La justicia europea avala la ley de amnistía y Puigdemont ve más cerca el regreso a España

El Tribunal de Justicia de la Unión Europea (TJUE) ha concluido que la ley de amnistía no supone un perjuicio para los intereses financieros de la Unión Europea ni vulnera la normativa comunitaria. La resolución responde a la cuestión prejudicial planteada por el Tribunal de Cuentas sobre la posible responsabilidad contable derivada de los gastos vinculados al proceso independentista catalán.

En su sentencia, la corte con sede en Luxemburgo responde «negativamente» a esa cuestión al considerar que «no puede considerarse que los intereses financieros de la Unión se vean afectados por la mera disminución de la renta nacional bruta que podría potencialmente derivarse de la secesión de una parte del territorio nacional».

El fallo también sostiene que la ley de amnistía es compatible con el derecho de la Unión al entender que «tiene por objeto reducir tensiones institucionales y políticas y facilitar un escenario de reconciliación» tras el proceso independentista en Cataluña.

La decisión del TJUE adquiere especial relevancia de cara al pronunciamiento pendiente del Tribunal Constitucional, que deberá resolver el recurso presentado por el expresidente catalán Carles Puigdemont contra la decisión del Tribunal Supremo de no aplicarle la amnistía por el delito de malversación. Ese fallo será determinante para esclarecer si puede beneficiarse de la medida y, en consecuencia, facilitar un eventual regreso a España.

En relación con los delitos de terrorismo, el tribunal europeo señala que la ley «no menoscaba» la directiva comunitaria en esta materia, ya que excluye expresamente aquellos hechos relacionados con el proceso independentista que hubieran provocado perjuicios graves.

Asimismo, el TJUE considera ajustado a derecho el plazo de dos meses que la norma concede a los jueces para decidir sobre la aplicación de la amnistía en cada procedimiento. No obstante, recuerda que los procesos deben quedar suspendidos cuando se planteen cuestiones prejudiciales ante la justicia europea, como ha ocurrido en las causas analizadas por el Tribunal de Cuentas y la Audiencia Nacional.
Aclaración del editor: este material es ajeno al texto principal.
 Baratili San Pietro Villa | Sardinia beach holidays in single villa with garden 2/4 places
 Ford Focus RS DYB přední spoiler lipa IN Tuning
Según la sentencia, ese plazo no vulnera el derecho a la tutela judicial efectiva porque queda «delimitado» a la aplicación de la ley de amnistía y, por tanto, no genera problemas «de carácter sistémico capaz de comprometer el buen funcionamiento del sistema judicial nacional».

Los magistrados también recuerdan que el Gobierno español precisó que el plazo de dos meses puede suspenderse mientras el TJUE resuelve las cuestiones planteadas y que las medidas cautelares impuestas a los investigados pueden mantenerse durante ese tiempo.

El recurso de Puigdemont ante el Tribunal Constitucional se fundamenta en la negativa del Tribunal Supremo a amnistiar el delito de malversación al considerar, por un lado, que podía afectar a las finanzas europeas —extremo ahora descartado por el TJUE— y, por otro, que el expresidente obtuvo un beneficio personal al no asumir con fondos propios los gastos del referéndum del 1 de octubre.